Robotic Systems (RS)

Improved Reliability Testing and Modeling of Electronics with Multi-DOF Vibration in Unmanned Army Ground Vehicles

by Ed Habtour; David Mortin; Cholmin Choi; Abhijit Dasgupta


The functionality of the next-generation Department of Defense platforms, such as the Small Unmanned Ground Vehicles (SUGV) and Small Unmanned Arial Vehicles (SUAV), requires strongly electronics-rich architectures. The reliability of these systems will be dependent on the reliability of the electronics. These electronic systems and the critical components in them can experience extremely harsh thermal and vibrations environments. Therefore, it is imperative to identify the failure mechanisms of these components through experiments and simulation based on physics-of-failure methods.
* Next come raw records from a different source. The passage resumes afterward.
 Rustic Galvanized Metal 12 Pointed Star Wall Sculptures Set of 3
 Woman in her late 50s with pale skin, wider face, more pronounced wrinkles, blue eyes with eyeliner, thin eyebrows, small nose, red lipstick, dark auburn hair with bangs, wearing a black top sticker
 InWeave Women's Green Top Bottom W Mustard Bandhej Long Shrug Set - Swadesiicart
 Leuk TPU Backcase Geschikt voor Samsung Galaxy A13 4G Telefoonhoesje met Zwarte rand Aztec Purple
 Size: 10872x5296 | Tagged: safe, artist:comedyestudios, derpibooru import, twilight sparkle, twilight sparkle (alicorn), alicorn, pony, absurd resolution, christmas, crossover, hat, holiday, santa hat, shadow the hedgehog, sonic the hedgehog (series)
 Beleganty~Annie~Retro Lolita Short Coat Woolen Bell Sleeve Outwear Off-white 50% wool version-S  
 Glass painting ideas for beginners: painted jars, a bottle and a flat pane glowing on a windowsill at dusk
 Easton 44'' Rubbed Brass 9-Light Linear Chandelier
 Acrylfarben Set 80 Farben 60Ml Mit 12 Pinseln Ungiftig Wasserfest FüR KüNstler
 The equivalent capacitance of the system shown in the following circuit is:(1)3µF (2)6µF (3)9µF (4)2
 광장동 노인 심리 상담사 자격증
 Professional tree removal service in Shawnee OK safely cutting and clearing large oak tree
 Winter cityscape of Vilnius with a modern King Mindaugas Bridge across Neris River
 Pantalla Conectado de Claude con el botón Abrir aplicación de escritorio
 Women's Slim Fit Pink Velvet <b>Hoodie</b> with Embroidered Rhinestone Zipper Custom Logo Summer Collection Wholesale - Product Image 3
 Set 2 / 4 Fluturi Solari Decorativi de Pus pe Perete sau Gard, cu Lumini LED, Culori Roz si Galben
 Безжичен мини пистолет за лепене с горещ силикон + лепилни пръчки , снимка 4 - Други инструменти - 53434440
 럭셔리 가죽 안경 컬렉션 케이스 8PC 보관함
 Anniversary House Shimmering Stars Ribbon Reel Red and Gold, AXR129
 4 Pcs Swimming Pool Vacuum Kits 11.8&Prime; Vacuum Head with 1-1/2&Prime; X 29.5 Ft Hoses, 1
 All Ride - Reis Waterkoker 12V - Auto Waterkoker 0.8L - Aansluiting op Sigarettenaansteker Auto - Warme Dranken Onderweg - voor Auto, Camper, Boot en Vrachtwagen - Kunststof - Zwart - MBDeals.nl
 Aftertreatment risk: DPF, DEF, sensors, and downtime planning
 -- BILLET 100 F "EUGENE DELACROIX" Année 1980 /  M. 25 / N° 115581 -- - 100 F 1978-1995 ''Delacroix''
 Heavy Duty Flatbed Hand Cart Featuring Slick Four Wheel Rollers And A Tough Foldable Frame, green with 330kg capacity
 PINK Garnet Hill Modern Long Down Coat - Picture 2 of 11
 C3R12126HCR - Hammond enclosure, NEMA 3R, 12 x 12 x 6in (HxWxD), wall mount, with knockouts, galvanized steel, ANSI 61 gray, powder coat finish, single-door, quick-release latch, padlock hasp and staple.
One of the key challenges in re-creating life-cycle vibration conditions during design and qualification testing in the lab is the re-creation of simultaneous multi-axial excitation that closely mimics what the product experiences in the field. Currently, there are two common approaches in the industry when testing a prototype or qualifying a product for multi-axial vibration environments. One approach is option is to use sequential single-axis excitation along each of the three axes, via a single axial electrodynamic shaker. The second approach relies on repetitive shock shakers that produce simultaneous multi-axial vibration but with uncontrolled power spectral density (PSD) profiles. Consequently, the dominant failure modes in the field are sometimes very difficult to duplicate in a laboratory test using the options stated above. The US Army Materiel Systems Analysis Activity (AMSAA) is currently collaborating with the Center for Advanced Life Cycle Engineering (CALCE) at the University of Maryland, to develop test methods that better capture unforeseen design defects in the prototyping and qualification stages, by better replication of the multi-axial life-cycle vibration conditions. This effort has led to the use of a novel multi degrees of freedom (M-DOF) electrodynamic shaker to ruggedize designs for fatigue damage due to random vibration. The PSD profiles can be controlled on this shaker simultaneously along all six DoF (three translation and three rotational). This paper discusses the merits of vibration testing methods with a M-DoF shaker and the cost savings associated with such an approach. The M-DoF shaker may detect critical failures earlier in the development cycle than have been traditionally possible with existing shaker technologies; and therefore produce more cost effective and reliable systems for our warfighters.